Portable diptych sundial
Probably by Charles Bloud, ca. 1666–80
Although Charles Bloud (1653-1699) was the inventor of this variety of azimuth sundial, several other Dieppe sundial makers, including Gabriel Bloud and Jacques Senecal, are known to have made and signed similar sundials. The principle by which their sundials worked is based on a variation in the magnetic declination of the area around Dieppe which existed for only a short period in the seventeenth century, beginning about 1666.

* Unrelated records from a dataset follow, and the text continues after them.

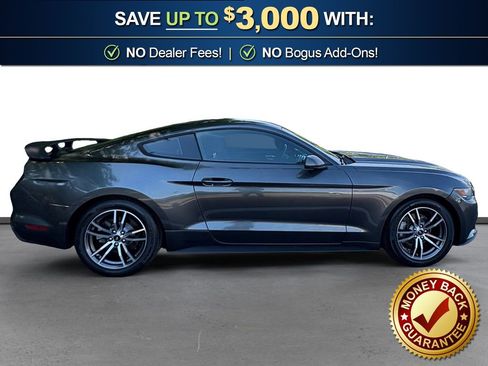Used 2017 Ford Mustang Coupe image 8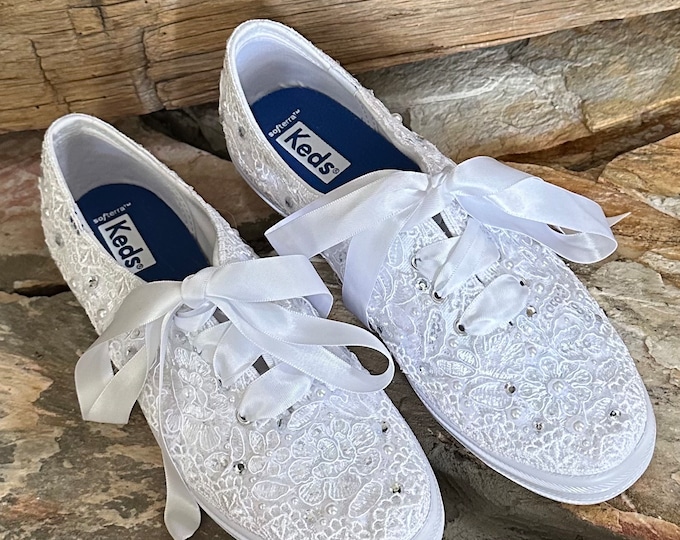 wedge sandals all black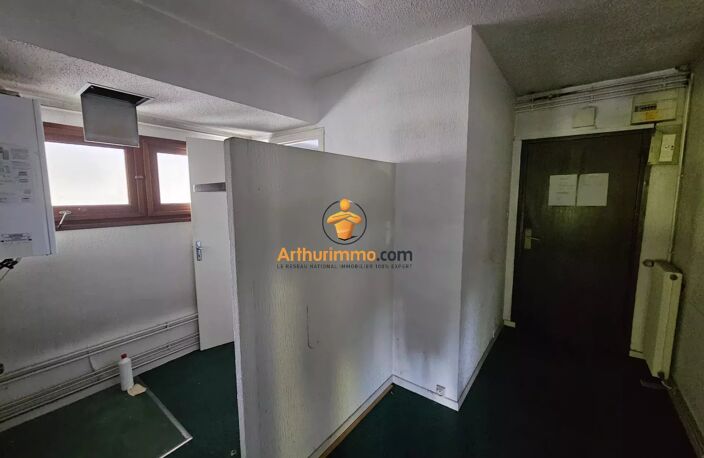 Appartement T3 de 63m² à rénover avec parking — photo 5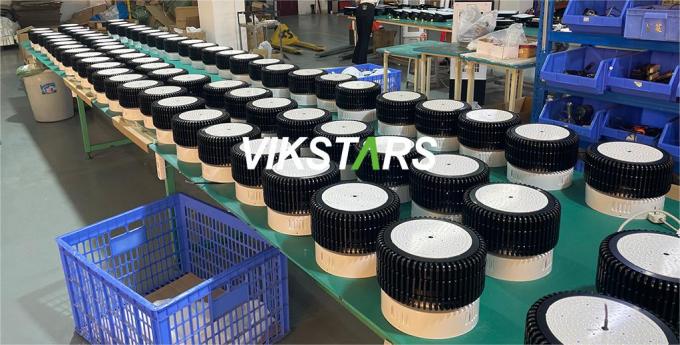 100W 150W 200W 250W Aluminum Fin LED High Bay Lights per illuminazione commerciale con riflettore 10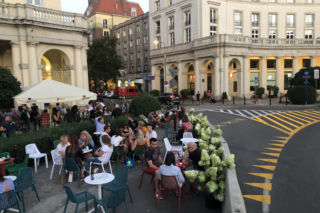 Wiemy ile kosztowało ograniczenie ruchu na pl. Zbawiciela! Ile zyska na tym miasto? [GALERIA]
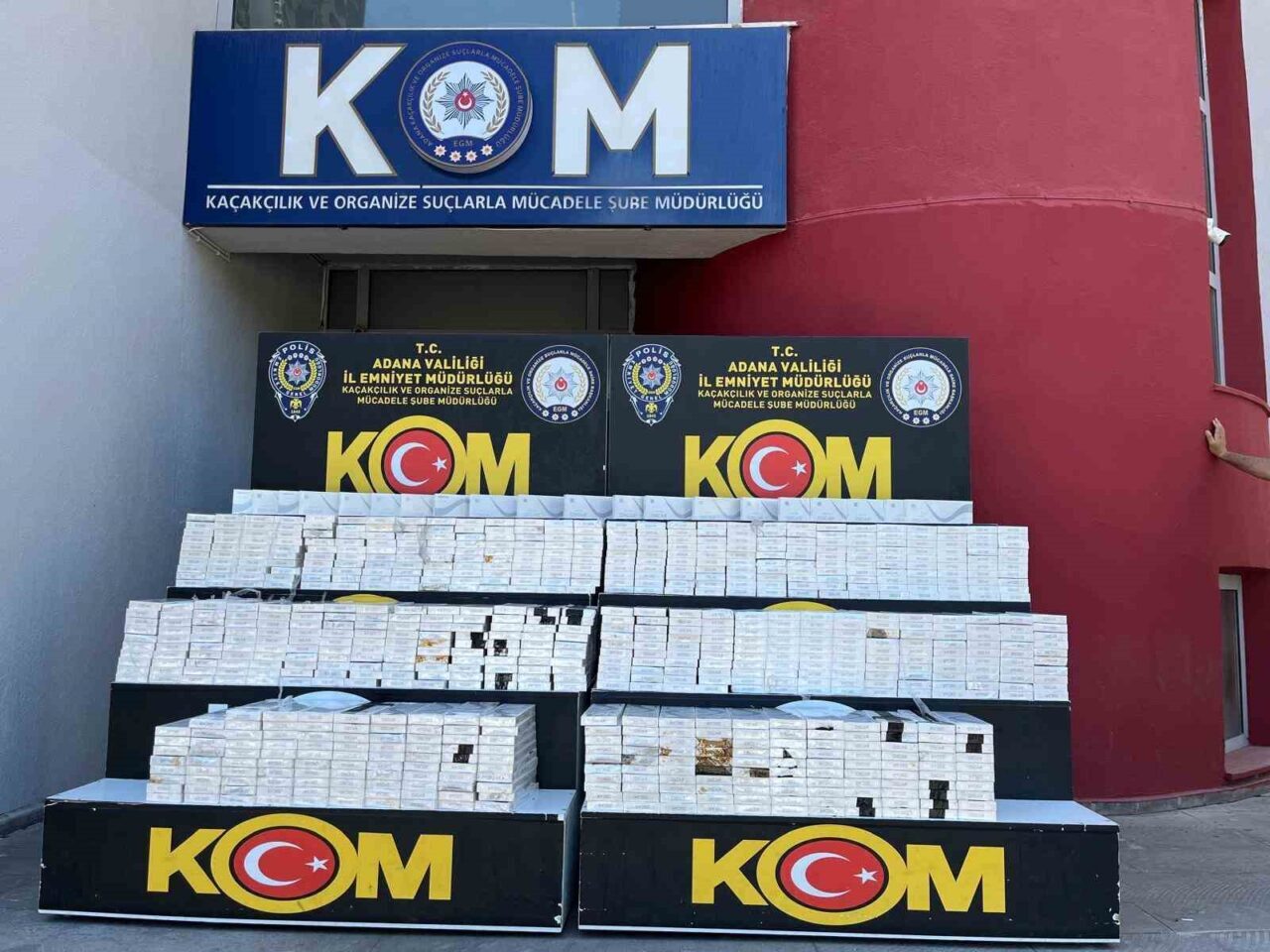 Adana’da 12 milyon 410 bin adet gümrük kaçağı makaron ve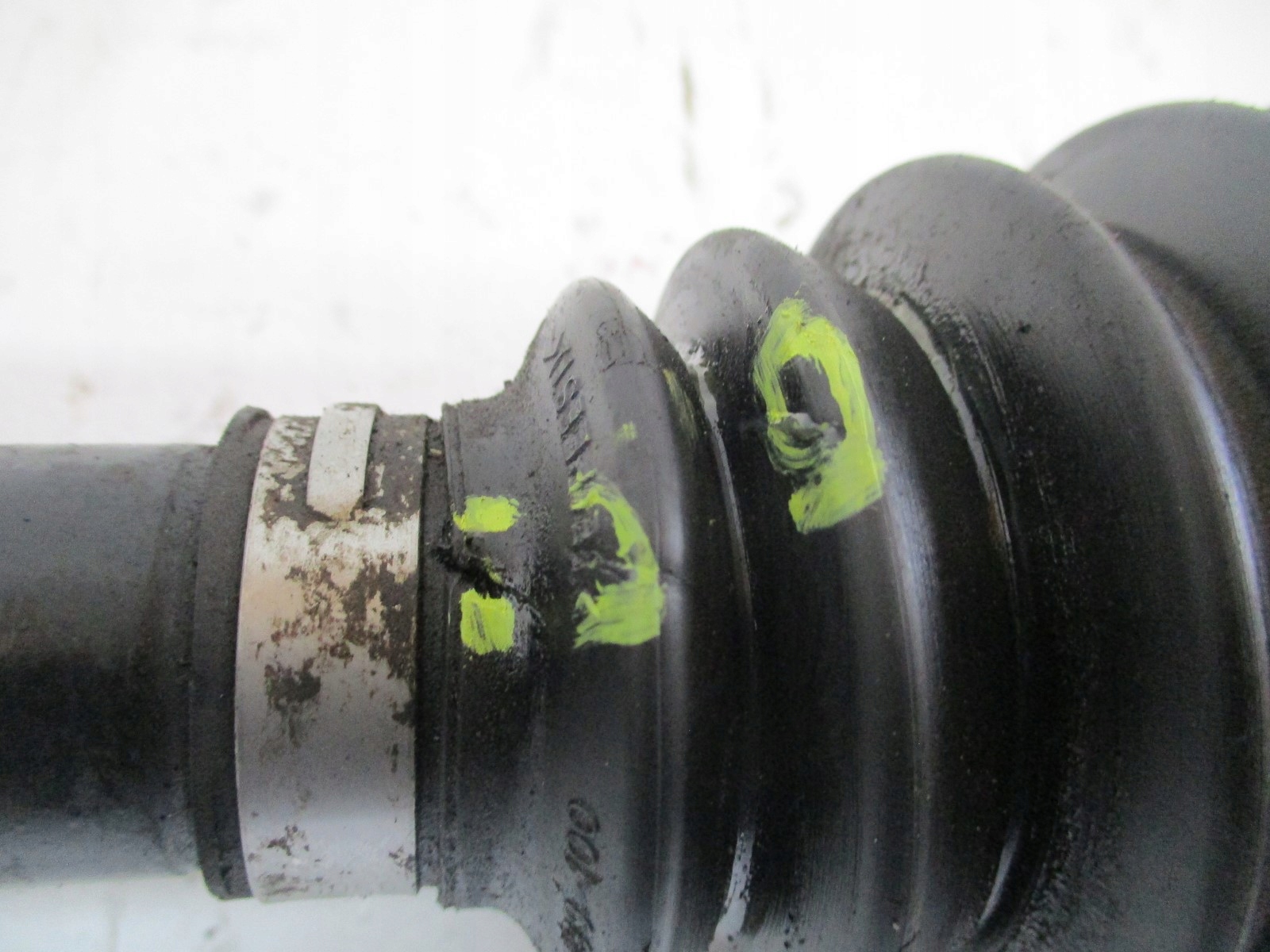 semi-axis left RENAULT KANGOO 391017156R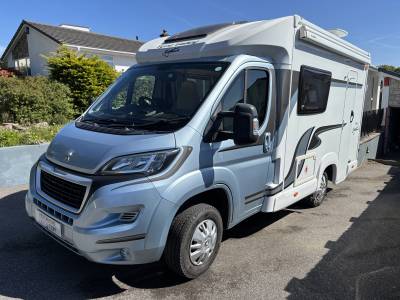 2017 Elddis Signature 115 2 Berth 2 Belt Lounge conversion Motorhome for sale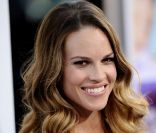 Hilary Swank, rayonnante en total look Michael Kors pour la première du film Something Borrowed. Los Angeles, le 3 mai 2011.<br />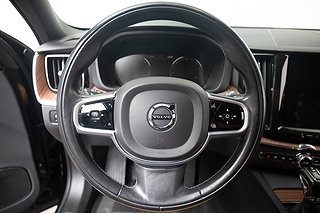 SUV Volvo XC60 15 av 22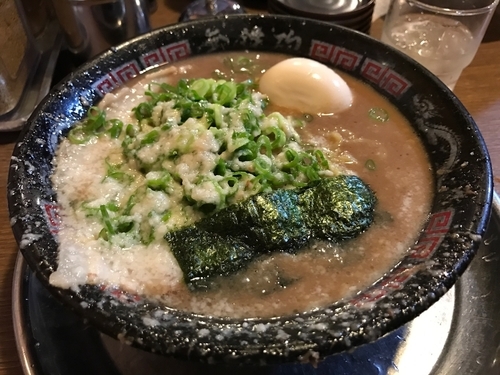 「とんこつラーメン」@無鉄砲 大阪店の写真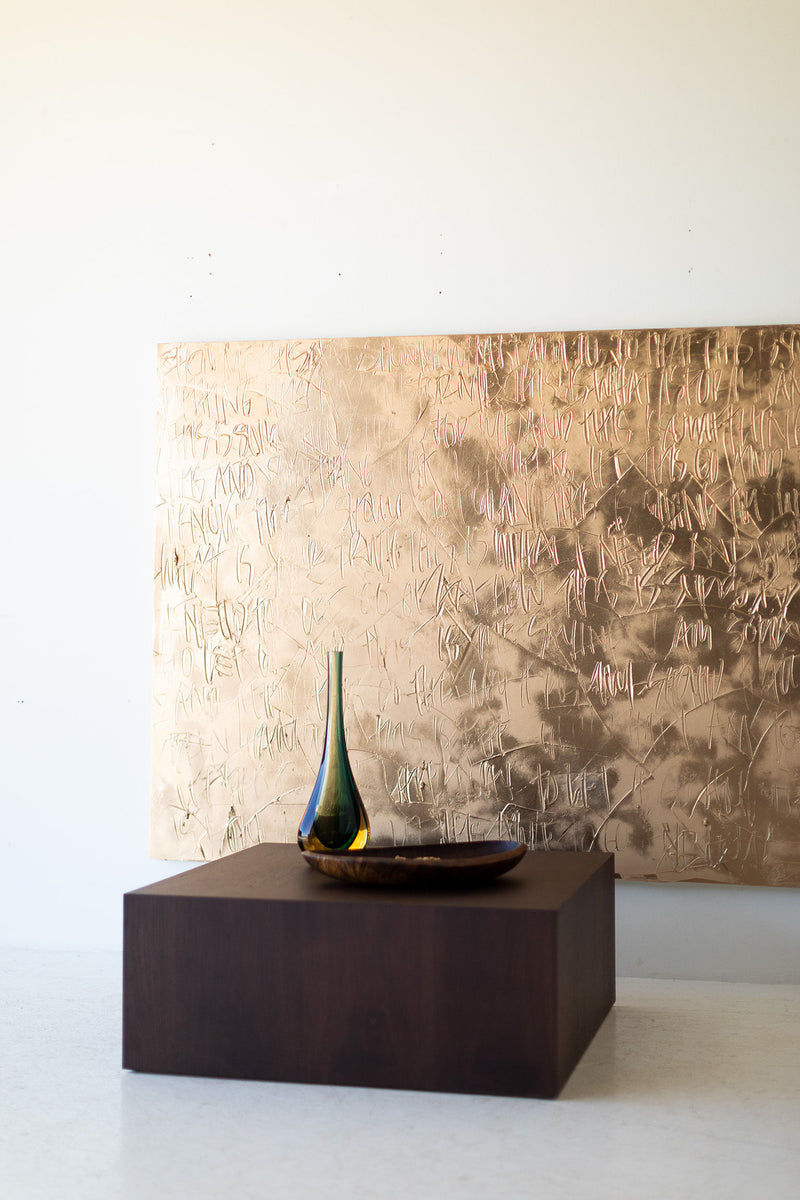 Modern walnut coffee table, close-up of the luxury walnut veneer grain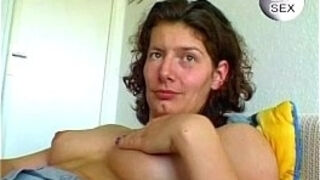 Brunette mature pleasures her pussy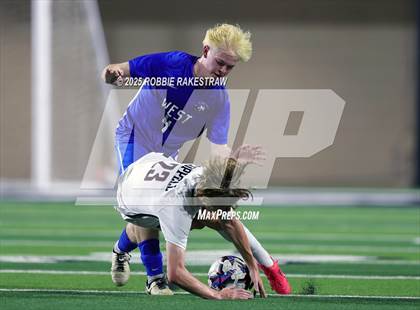 Thumbnail 2 in Plano West vs. Coppell (UIL 6A Division 1 Regional Final Playoff) photogallery.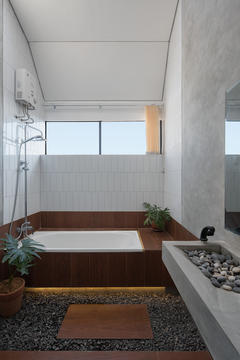 Gallery of Kampoong In House / Ismail Solehudin Architecture  - 12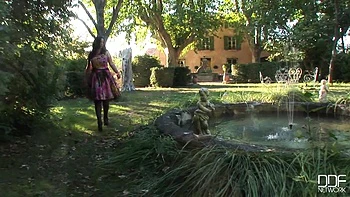 Tetas grandes, piernas sexy y pies en medias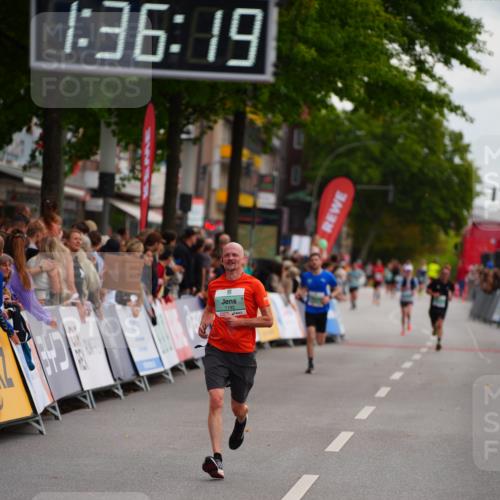 20.09.2026 - PSD Bank Halbmarathon LAZAROV Photography http://msf.ph/oto/10502993 20.09.2026 11:36:19 Ziel 1193, 2109, 2306 meine-sportfotos.de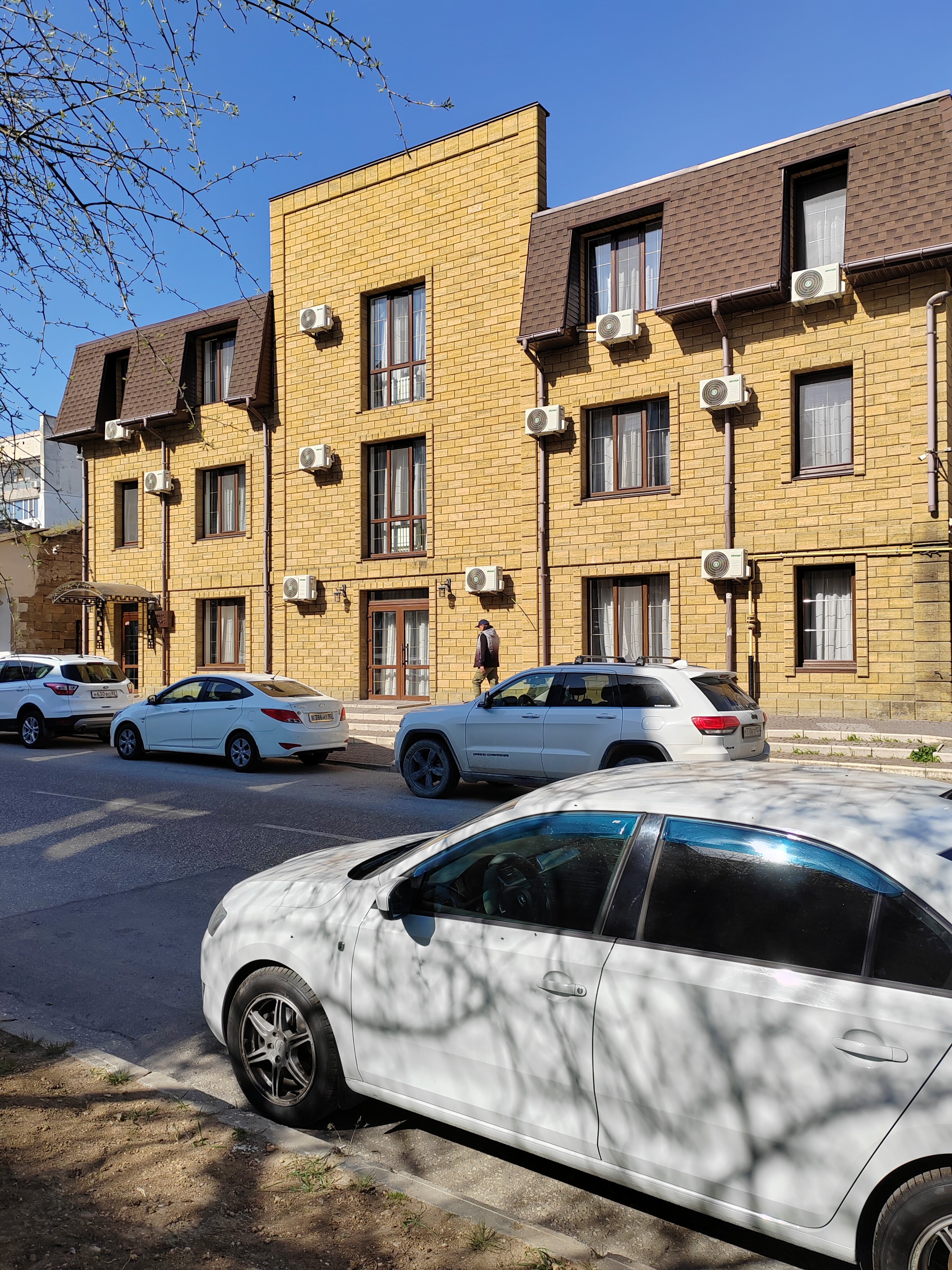 Фото отеля 2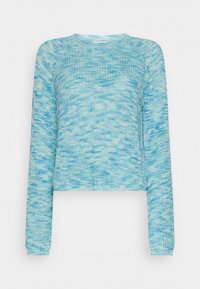 Pull court bleu clair avec un motif tricoté texturé. Manches longues et encolure arrondie, présentant différentes nuances de bleu mélangées.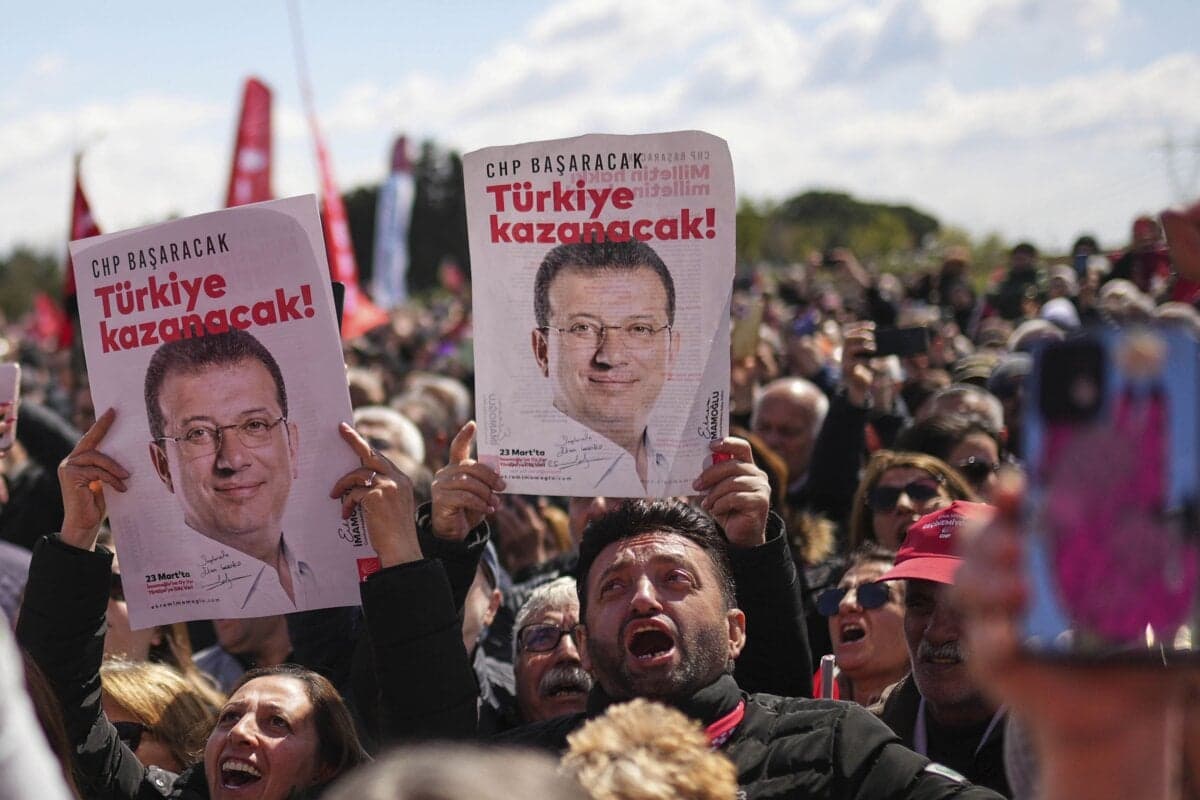 Turecká polícia predvolala novinárov kvôli primátorovi z Istanbulu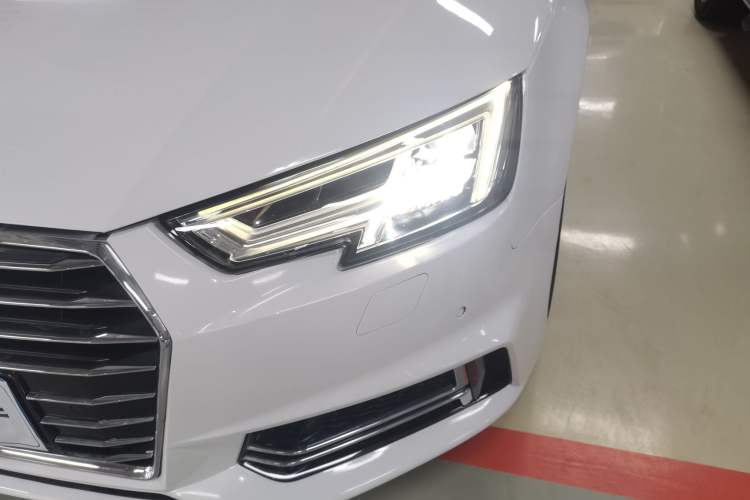 Used Audi A4L 2018 30th Anniversary Edition 40 TFSI Trendy Model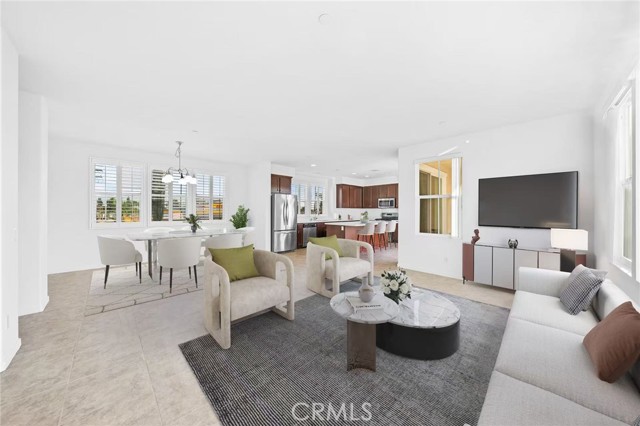 Detail Gallery Image 8 of 63 For 227 Promenade, Pomona,  CA 91767 - 3 Beds | 4 Baths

Songs of Innocence- The Little Boy Found
William Blake, 1789, printed ca. 1825
Blake etched twenty-seven printing plates for Songs of Innocence in 1789, completing those for the Songs of Experience in 1794. He then printed and hand-colored copies of the combined sets over succeeding decades as patrons ordered them, each one visually distinct. Verse and image work together to celebrate poetic inspiration and reveal aspects of the divine as expressed through nature. The poetic voice is often that of a child, whose emotions range from delight to fear, with darker feelings usually resolved in the earlier Songs of Innocence by adult intervention. This first group of Songs was shaped by the heady early days of the French Revolution, when British liberals and radicals believed that true reform was imminent on both sides of the Channel.
The artist Edward Calvert met Blake around 1825 and commissioned this copy of Songs of Innocence and of Experience soon thereafter. These richly decorated pages, with their deeply saturated hues and distinctive ornamental borders, reveal Blake’s late vision and the order is established by small red numbers at upper right.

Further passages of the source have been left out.